## Task to complete
For this exercise, reproduce only the lines from the one holding "Chaosium CHA23130-SET" through the final line of the data below, exactly, and omit pictures.

## Data
────────────────────

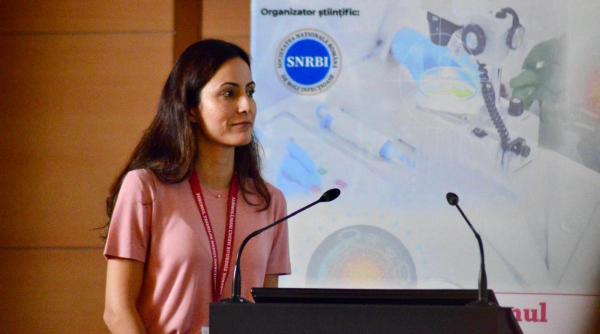 Dr. Adina Nanu, despre „boala sărutului”: „Poate apărea la orice vârstă”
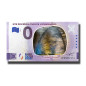 0 Euro Souvenir Banknote Site Des Megalithes De Locmariaquer Colour France UENN 2023-1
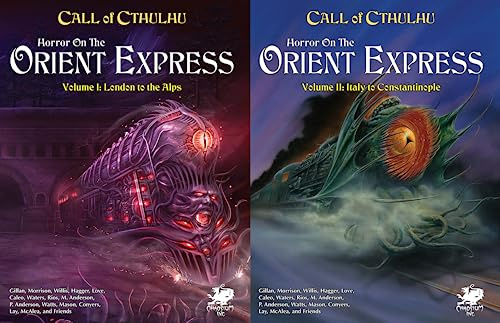 Chaosium CHA23130-SET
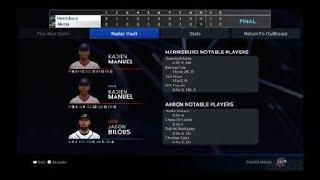 Kadien ‘‘Sema’J‘‘ Manuel Highlights [MLB The Show 23]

────────────────────

## Output below
 Chaosium CHA23130-SET
 Kadien ‘‘Sema’J‘‘ Manuel Highlights [MLB The Show 23]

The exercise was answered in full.